▶ **Work item**
Please give back only the lines below from the one containing "King Seiko VANAC Automatico Blu Acciaio 41mm" to the one containing "Borsa Vanity Chanel", each repeated word for word, both ends included.

──────── Information shown

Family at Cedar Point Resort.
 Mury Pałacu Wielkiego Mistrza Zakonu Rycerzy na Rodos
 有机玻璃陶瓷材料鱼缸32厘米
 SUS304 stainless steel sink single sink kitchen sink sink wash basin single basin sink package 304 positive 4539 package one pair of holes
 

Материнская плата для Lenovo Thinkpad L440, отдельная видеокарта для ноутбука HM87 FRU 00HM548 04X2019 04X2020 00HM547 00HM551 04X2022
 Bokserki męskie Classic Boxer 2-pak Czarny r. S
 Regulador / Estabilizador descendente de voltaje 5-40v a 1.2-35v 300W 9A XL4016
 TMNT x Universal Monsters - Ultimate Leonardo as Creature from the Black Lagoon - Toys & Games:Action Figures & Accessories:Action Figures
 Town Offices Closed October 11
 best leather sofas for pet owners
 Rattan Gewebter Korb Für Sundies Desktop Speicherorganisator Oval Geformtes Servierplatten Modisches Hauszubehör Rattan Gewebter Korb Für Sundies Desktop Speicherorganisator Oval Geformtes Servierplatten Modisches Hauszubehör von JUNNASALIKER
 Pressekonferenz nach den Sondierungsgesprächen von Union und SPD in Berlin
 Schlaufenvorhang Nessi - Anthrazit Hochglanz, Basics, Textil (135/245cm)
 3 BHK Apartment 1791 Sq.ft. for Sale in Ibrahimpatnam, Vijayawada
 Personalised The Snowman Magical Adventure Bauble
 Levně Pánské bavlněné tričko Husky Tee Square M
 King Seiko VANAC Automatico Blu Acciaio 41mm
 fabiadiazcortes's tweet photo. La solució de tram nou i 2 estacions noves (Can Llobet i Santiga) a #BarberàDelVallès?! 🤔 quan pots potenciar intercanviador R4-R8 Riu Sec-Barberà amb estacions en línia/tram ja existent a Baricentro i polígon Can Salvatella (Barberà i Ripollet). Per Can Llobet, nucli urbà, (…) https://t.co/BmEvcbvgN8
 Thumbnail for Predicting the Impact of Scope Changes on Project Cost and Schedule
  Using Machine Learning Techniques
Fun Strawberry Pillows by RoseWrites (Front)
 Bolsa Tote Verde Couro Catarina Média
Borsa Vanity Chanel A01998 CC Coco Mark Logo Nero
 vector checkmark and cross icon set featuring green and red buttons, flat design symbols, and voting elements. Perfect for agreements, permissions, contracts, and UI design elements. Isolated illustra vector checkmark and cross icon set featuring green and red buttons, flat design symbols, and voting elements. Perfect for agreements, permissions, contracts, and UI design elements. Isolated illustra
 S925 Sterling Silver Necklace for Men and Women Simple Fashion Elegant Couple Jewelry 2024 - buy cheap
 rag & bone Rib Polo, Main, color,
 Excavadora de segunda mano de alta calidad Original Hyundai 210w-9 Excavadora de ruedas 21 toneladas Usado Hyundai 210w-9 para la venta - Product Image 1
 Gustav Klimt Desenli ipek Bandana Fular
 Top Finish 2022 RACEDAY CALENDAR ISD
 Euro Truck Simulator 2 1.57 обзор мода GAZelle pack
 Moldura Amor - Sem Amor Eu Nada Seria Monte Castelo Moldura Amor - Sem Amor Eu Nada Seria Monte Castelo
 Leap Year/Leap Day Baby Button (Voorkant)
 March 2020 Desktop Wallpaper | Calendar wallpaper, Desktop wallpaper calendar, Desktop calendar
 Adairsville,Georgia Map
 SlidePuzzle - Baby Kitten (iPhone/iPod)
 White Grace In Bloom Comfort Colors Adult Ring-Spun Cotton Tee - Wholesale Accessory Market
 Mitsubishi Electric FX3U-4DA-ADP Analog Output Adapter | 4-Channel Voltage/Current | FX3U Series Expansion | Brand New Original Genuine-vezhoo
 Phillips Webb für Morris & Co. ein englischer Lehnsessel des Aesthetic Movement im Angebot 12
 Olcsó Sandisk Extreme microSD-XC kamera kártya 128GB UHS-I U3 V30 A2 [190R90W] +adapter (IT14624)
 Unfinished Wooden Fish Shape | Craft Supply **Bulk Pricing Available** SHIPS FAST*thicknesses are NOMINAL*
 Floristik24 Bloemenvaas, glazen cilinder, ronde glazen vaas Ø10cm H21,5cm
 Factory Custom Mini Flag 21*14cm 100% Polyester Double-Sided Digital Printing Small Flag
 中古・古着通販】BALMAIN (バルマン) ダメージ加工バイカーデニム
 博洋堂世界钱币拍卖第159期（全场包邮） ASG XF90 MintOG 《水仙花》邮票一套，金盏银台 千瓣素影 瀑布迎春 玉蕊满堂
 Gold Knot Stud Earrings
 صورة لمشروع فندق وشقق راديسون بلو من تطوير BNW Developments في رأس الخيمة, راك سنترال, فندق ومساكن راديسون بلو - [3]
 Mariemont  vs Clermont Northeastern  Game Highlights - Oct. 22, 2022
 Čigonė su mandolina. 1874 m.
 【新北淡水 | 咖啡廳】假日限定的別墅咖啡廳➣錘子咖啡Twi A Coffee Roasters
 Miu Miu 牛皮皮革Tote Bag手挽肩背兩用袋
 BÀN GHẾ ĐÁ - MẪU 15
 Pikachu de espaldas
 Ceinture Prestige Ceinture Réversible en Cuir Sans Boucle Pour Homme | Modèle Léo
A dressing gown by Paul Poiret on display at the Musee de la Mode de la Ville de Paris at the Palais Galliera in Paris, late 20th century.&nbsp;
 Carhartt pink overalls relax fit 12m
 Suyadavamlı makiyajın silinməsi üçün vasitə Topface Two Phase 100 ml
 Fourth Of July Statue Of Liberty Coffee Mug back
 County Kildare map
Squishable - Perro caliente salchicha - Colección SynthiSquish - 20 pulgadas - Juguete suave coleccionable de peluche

────────────────

▶ **Reply**
 King Seiko VANAC Automatico Blu Acciaio 41mm
 fabiadiazcortes's tweet photo. La solució de tram nou i 2 estacions noves (Can Llobet i Santiga) a #BarberàDelVallès?! 🤔 quan pots potenciar intercanviador R4-R8 Riu Sec-Barberà amb estacions en línia/tram ja existent a Baricentro i polígon Can Salvatella (Barberà i Ripollet). Per Can Llobet, nucli urbà, (…) https://t.co/BmEvcbvgN8
 Thumbnail for Predicting the Impact of Scope Changes on Project Cost and Schedule
  Using Machine Learning Techniques
Fun Strawberry Pillows by RoseWrites (Front)
 Bolsa Tote Verde Couro Catarina Média
Borsa Vanity Chanel A01998 CC Coco Mark Logo Nero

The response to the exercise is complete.